Page 3 of 6

Re: 65C02 Simulator on a bare metal Raspberry PI

Posted: Thu Feb 08, 2018 1:33 pm
by hoglet
In case you missed it (because it's a different thread), a while back I wrote up some of the history of the PiTubeDirect project:
http://www.stardot.org.uk/forums/viewto ... 55#p140955

Dave

Re: 65C02 Simulator on a bare metal Raspberry PI

Posted: Thu Feb 08, 2018 1:45 pm
by 8BIT
Yes, I have read that, but just on a cursory level. I do want to go back and dig into it and the source code at some point. The speeds you are getting are outstanding, and I'm sure I could learn a lot from this project. Thanks for sharing this Dave!

Daryl

Re: 65C02 Simulator on a bare metal Raspberry PI

Posted: Thu Feb 08, 2018 1:51 pm
by 8BIT
dp11 wrote:
With newer ARMs some of what you thought you knew about timings have changed. A lot isn't documented publicly either. It also can change between ARMv6 v7 and v8

You will only spot the interlocks if you accurately cycle count the ARM instructions.

Code: Select all

; code that might simulate an LDA
    LDRB R0,[Rx]
    MOVS R1,R0
; the above say takes n cycles

    LDRB R0,[Rx]
    MOVS R1,R0,LSL #24
; the above take n +1 cycles on the ARM core used in the Pi1



mailbox box can live where ever you like due to the MMU. Using 0x0000 for the memory doesn't give you a big win in performance. The big wins are from scheduling the loads from memory and keeping the code small enough it fits in the cache.

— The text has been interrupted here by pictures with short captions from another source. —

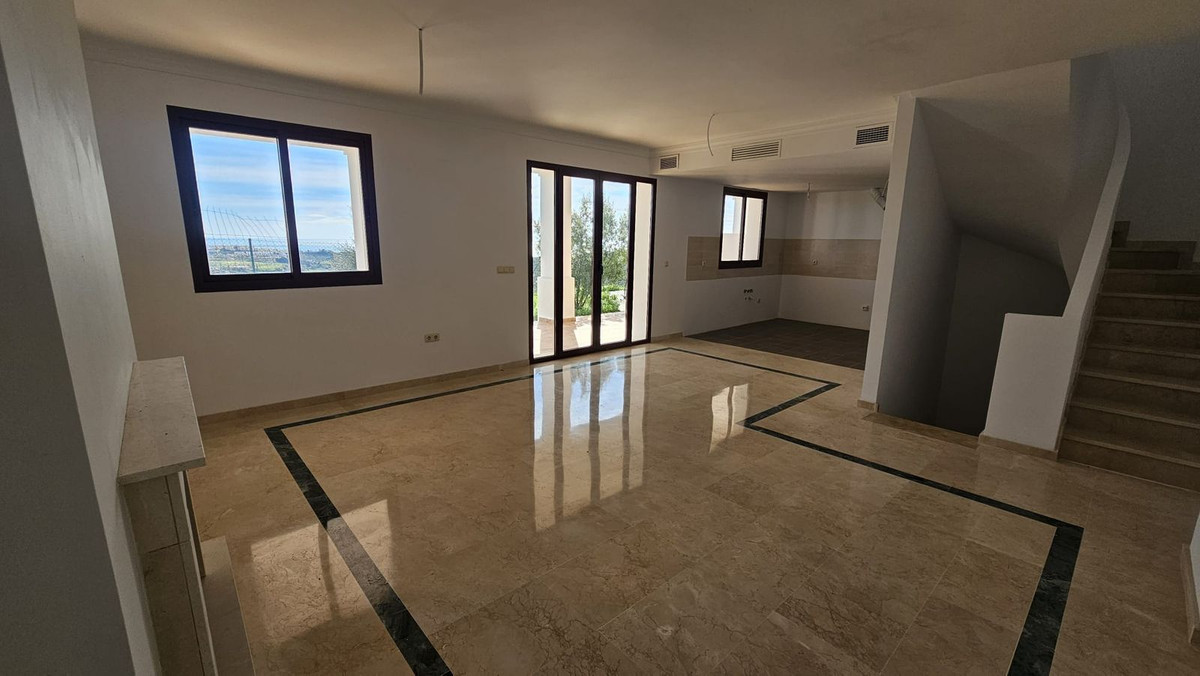 Se vende Adosada de 2 dormitorios en Costa Del Sol, Málaga, España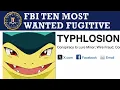 The Pokemon Leaks Are Very Filthy and Illegal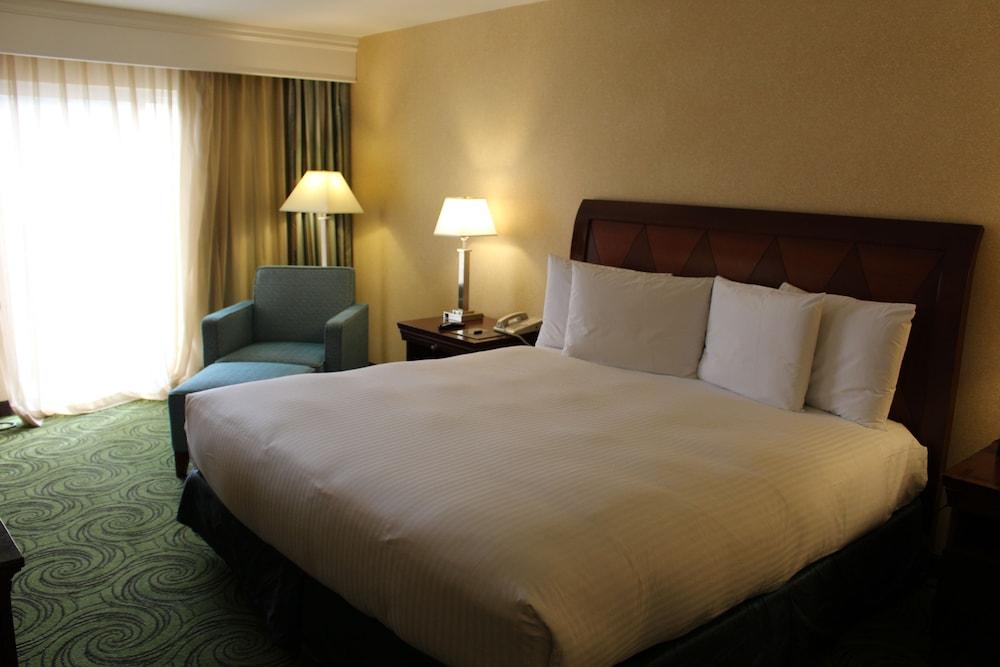 Doubletree By Hilton Livermore, Ca Luaran gambar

Dealing with 6502 interrupts can be a big overhead.
OK, I see what you are saying. Thanks for sharing. I know using 0x0000 won't boost performance, but it will help ease the code a bit. I have not played with the MMU yet, I'm pretty much just using David Welch's basic set the stack pointer and go example. I did manage to enable the L1 caches. I know I have a lot to learn yet, especially with the PI hardware on top of the ARM.

Daryl

Re: 65C02 Simulator on a bare metal Raspberry PI

Posted: Thu Feb 08, 2018 10:48 pm
by White Flame
BigEd wrote:
Because many ARM instructions offer a free shift, you can consider the technique of keeping 8-bit values left-aligned in their registers - this way, N and V work out much better.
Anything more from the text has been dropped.